Finally, A Dive Into Ina Drew's Career And Why It Was So Shocking That Her Unit Lost $5.8 Billion For JP Morgan

Ina Drew

Photo: CNN Money via JPMorgan Chase

This week’s New York Times Magazine chronicles Ina Drew’s steady rise through the ranks of JPMorgan and her unceremonious resignation from the bank after overseeing a unit of responsible for a $5.8 billion loss in botched bets as part of the “London Whale” scandal earlier this year.In a “The Woman Who Took the Fall for JPMorgan Chase,” Susan Dominus spoke to dozens of Drew’s friends and former co-workers, including JPM CEO Jamie Dimon, who praised the former Chief Investment Officer for being a bold woman in the Wall Street boys’ club. 

In 1981, Drew started as a trader at Chemical Bank which would merge and acquire its way to become JPMorgan and was “one of the few women to rise steadily into the management ranks on Wall Street.” Co-workers said “she had that mystique” and “like the Sheryl Sandberg figure to those of us in her group.”

Anecdotes of Drew deflecting a come on with “brusque direct humour” were second to those of her demonstrating “unparalleled expertise” in bond trading. In her finest hour, she helped guide the bank through the 2008 financial crisis by pouring almost $200 billion into secure, long-term government-backed loans which spiked in value after it became clear interest rates would drop. 

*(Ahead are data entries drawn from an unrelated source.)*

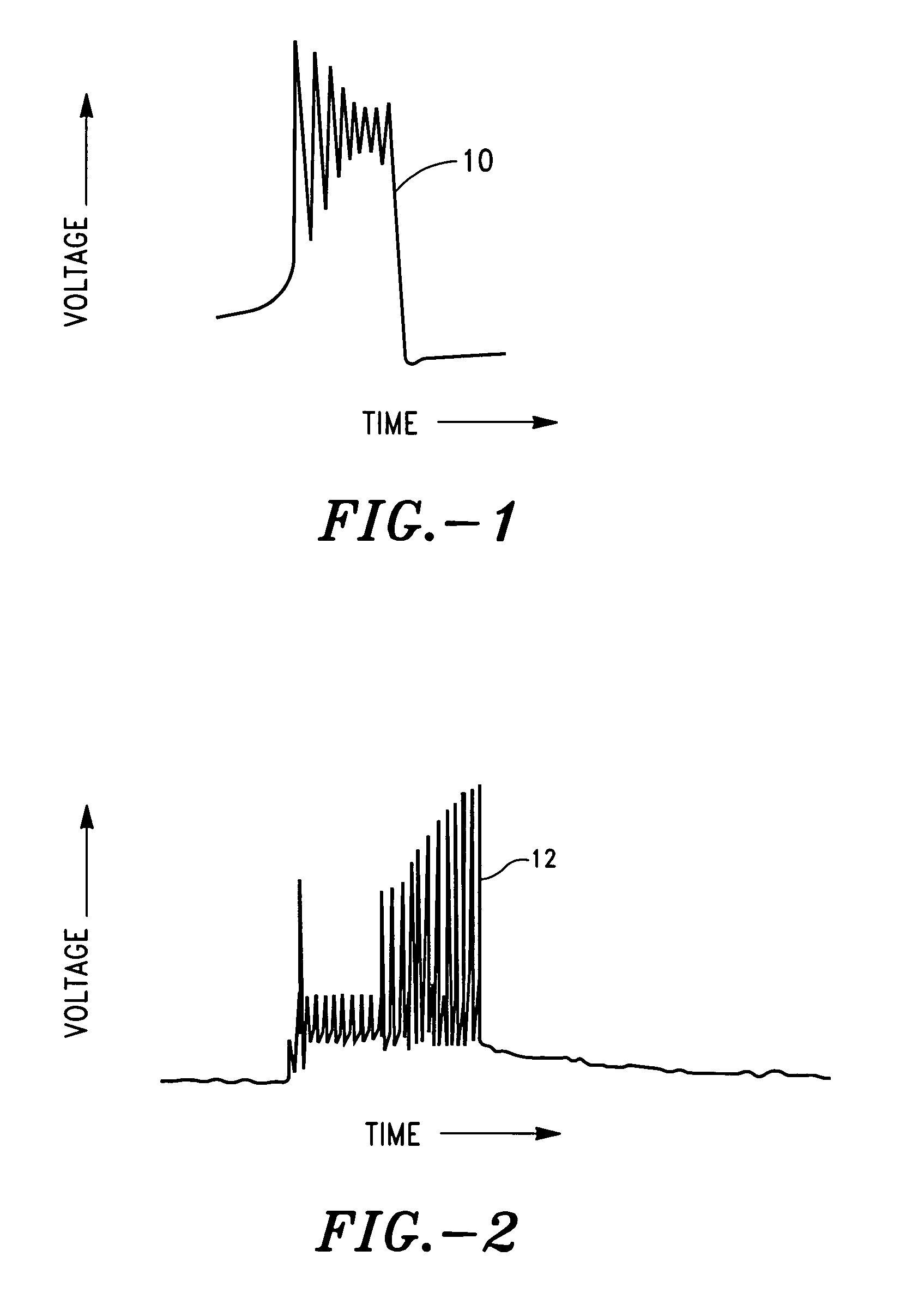 Method and system for regulation of endocrine and exocrine glands by means of neuro-electrical coded signals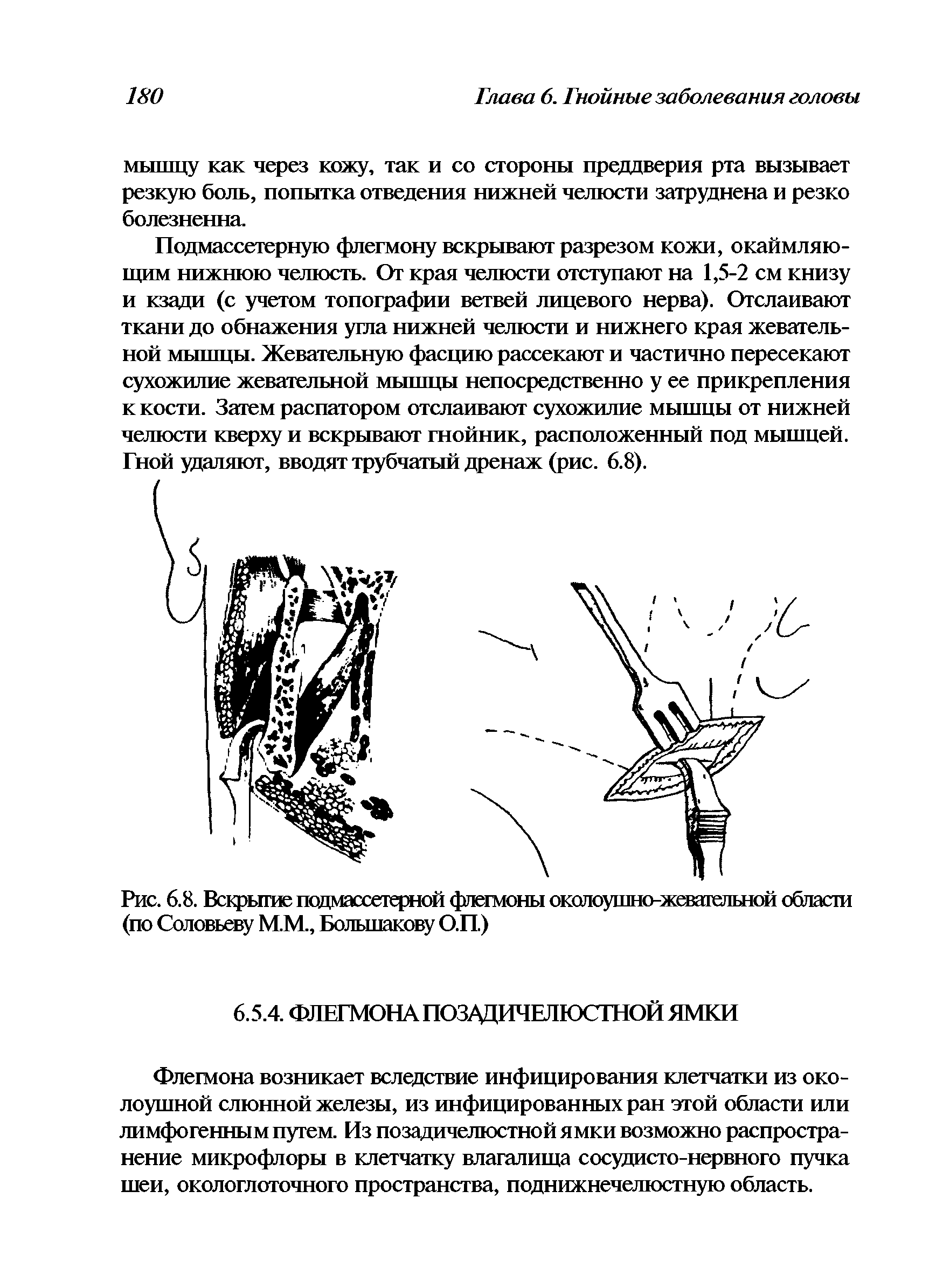 Рис. 6.8. Вскрытие псдмассегерной флегмоны околоушно-жевательной области (по Соловьеву М.М., Большакову О.П.)...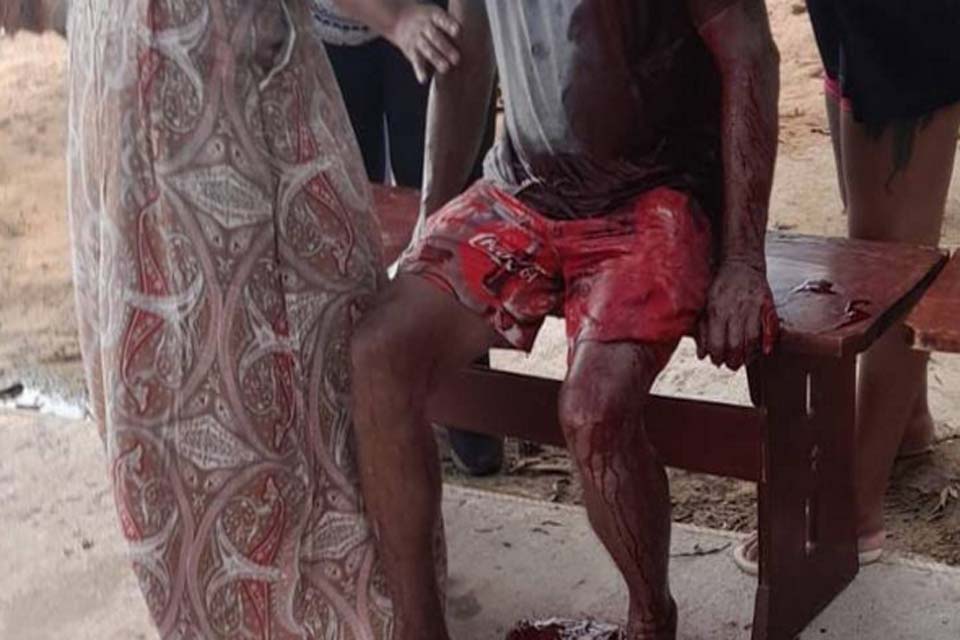 Homem é atacado com cinco facadas em Pimenteiras do Oeste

For 30 years, she served merger after merger and became one of the bank’s top executives, answering directly to its CEO. 

Dominus writes the “$6 billion mistake” unhinged Drew (from the NYT):

“When other crises hit the bank, Drew had seemed, by all accounts, her most alive and alert. But in this instance, she seemed unable to step back and look at the big picture. Faith in Drew’s ability to handle the crisis started to seep away.”

The story reveals that Drew never thought her unit would have to unwind London trader Bruno Iksil’s position, which she believed to be a long-term one. 

Still, Dimon has praised Drew for her hard work at the company since the scandal hit and told Dominus that he had no reason to suspect the quality of risk control in the Chief Investment Office had gone awry.

“Honestly, I don’t care what second-guessers say in life,” Dimon told Dominus. “If anyone in the company knew, they should have said something. No one came to us beforehand and said we have a problem we should be looking at.”